▼
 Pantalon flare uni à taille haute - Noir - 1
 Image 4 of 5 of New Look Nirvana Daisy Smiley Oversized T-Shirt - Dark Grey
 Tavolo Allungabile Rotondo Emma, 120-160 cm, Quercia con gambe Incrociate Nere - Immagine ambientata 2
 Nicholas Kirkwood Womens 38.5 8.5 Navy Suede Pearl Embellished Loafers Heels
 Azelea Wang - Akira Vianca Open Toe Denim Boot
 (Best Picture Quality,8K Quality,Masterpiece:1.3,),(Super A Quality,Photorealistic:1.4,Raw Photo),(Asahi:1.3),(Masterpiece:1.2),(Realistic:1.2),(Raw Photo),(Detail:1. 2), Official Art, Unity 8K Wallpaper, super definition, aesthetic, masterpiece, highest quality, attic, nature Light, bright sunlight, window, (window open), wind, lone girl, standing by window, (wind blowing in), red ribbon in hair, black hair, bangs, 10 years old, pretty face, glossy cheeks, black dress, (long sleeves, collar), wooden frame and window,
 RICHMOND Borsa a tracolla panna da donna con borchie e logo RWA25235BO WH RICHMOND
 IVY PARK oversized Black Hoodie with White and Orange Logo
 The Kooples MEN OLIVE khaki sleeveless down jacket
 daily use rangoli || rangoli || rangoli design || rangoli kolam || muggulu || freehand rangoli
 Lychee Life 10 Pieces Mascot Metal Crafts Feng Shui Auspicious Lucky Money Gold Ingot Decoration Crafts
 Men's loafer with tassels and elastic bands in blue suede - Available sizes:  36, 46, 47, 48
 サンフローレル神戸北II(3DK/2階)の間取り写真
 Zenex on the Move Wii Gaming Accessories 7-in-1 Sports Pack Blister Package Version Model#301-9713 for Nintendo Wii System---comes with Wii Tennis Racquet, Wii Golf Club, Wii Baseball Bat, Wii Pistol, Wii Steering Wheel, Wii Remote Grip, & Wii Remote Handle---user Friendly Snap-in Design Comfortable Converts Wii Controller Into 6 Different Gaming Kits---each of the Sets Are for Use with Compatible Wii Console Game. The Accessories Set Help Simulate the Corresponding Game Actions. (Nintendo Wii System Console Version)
▲
Of the lines above, output exactly those from the line bearing "Tavolo Allungabile Rotondo" through the line bearing "Azelea Wang - Akira", inclusive.

 Tavolo Allungabile Rotondo Emma, 120-160 cm, Quercia con gambe Incrociate Nere - Immagine ambientata 2
 Nicholas Kirkwood Womens 38.5 8.5 Navy Suede Pearl Embellished Loafers Heels
 Azelea Wang - Akira Vianca Open Toe Denim Boot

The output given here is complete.